_SOURCE MATERIAL_
§

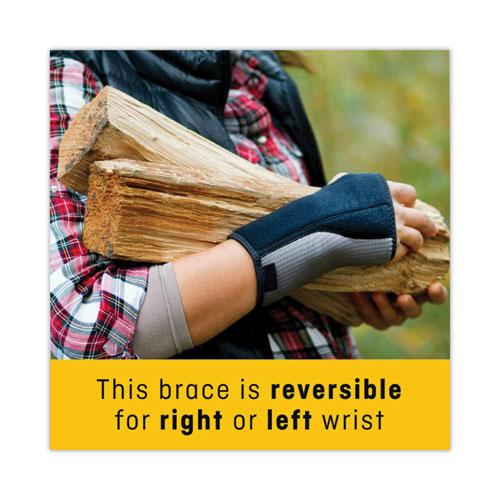 Adjustable Reversible Splint Wrist Brace, Fits Wrists 5.5" to 8.5", Black. Picture 6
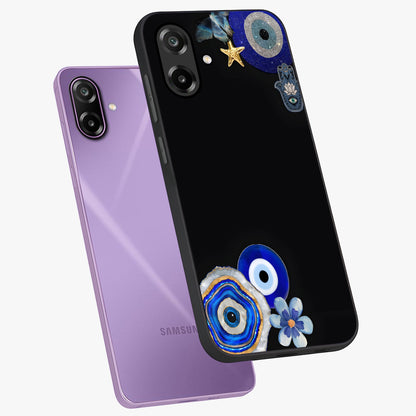 Aesthetic Blue Evil Eye Glass Case displayed in angled mockup highlighting blue evil eye symbol and spiritual aesthetic design.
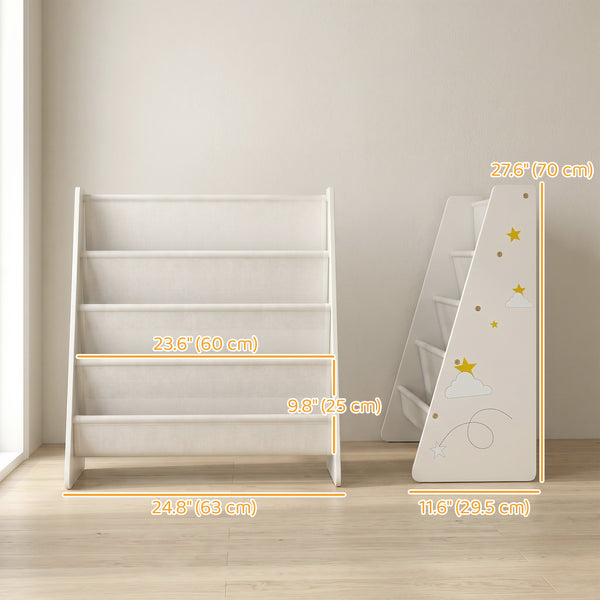 4-tier children's bookcase with open display shelf for books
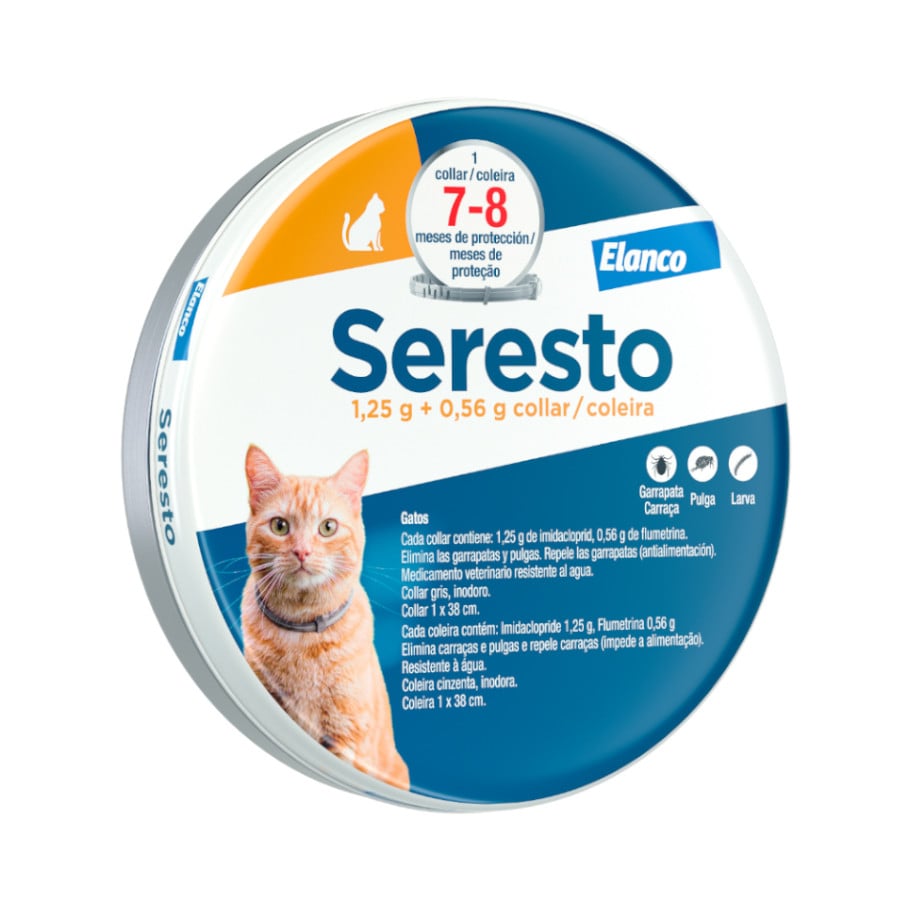 1 coleira x 38 cm Seresto Coleira antiparasitária para gatos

§

Reproduce the material exactly; keep pictures out.

 Adjustable Reversible Splint Wrist Brace, Fits Wrists 5.5" to 8.5", Black. Picture 6
 Aesthetic Blue Evil Eye Glass Case displayed in angled mockup highlighting blue evil eye symbol and spiritual aesthetic design.
 4-tier children's bookcase with open display shelf for books
 1 coleira x 38 cm Seresto Coleira antiparasitária para gatos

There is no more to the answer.